Thursday, February 24, 2011

Social media is a good fit for SaaS

NPR's Fresh Air host, Terry Gross, recently interviewed Biz Stone, the co-founder of Twitter. She asked him, once the founders created Twitter, how did it catch on.

Stone's candid answer, "Well, it didn't at first."

He explained that for the first nine months of the product's existence, the only people using it were friends and family. Most people they talked to about it decided that "Twitter is not useful" and "it's the most ridiculous thing we've ever heard of."

Now that the small group of "family and friends" has grown to about 200 million user accounts , it appears that somebody somewhere has found something useful to do with Twitter after all.

Besides letting followers know that you've just ordered pepperoni and pineapple on your pizza, your flight from SFO to Logan is stuck on the tarmac, or that you're heading to Tahrir Square to protest against the government, Twitter and the other social media networks can be useful for businesses as well.

And they're an especially good fit for software-as-a-service (SaaS) businesses.

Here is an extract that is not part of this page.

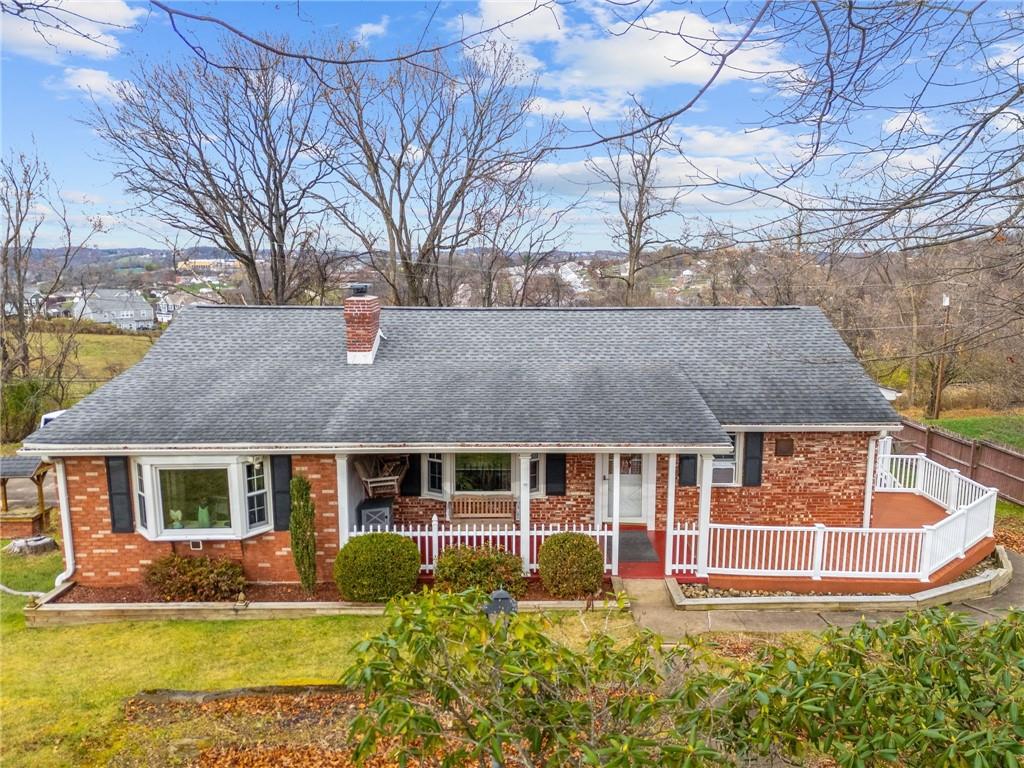 183 Lindley Road Canonsburg, PA 15317 - Photo 1 of 44 a front view of a house with a yard table and chairs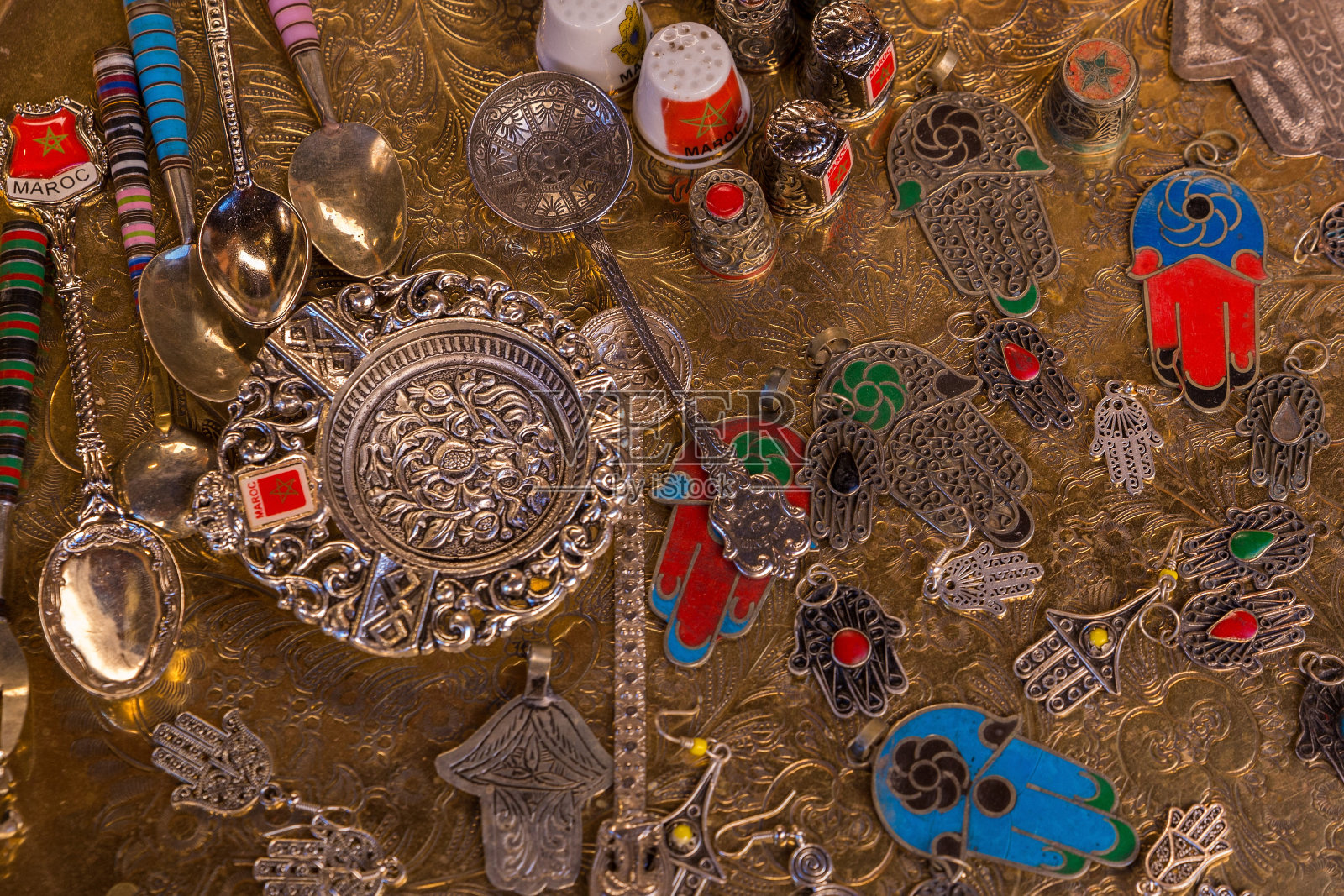 黄铜托盘上放着纪念品勺子、护身符、顶针和烟灰缸。照片摄影图片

Social media allows back & forth and side-to-side

For one, social media is interactive. Unlike more traditional outbound broadcasts, it allows conversations that go back & forth, and side-to-side. Companies can talk to customers, customers can talk back to companies, and customers can talk to other customers. In fact, it's possible that customers can talk to prospective customers.

This fits the SaaS model, which benefits from close proximity to customers. When companies stay close to customers, they're better partners: more responsive, more engaged, and better able to deliver what the customers want. This is essential to the long-term relationship and high renewal rates that are required for most SaaS businesses to be profitable.

Speak"humanese"


Social media communications tend to sound more human, less corporate. That's usually good for a long-term relationship. If customers sense that they're dealing with real people, not an anonymous corporate entity, they're probably more likely to renew. Even though you're marketing a business-to-business solution, you're still communicating person-to-person.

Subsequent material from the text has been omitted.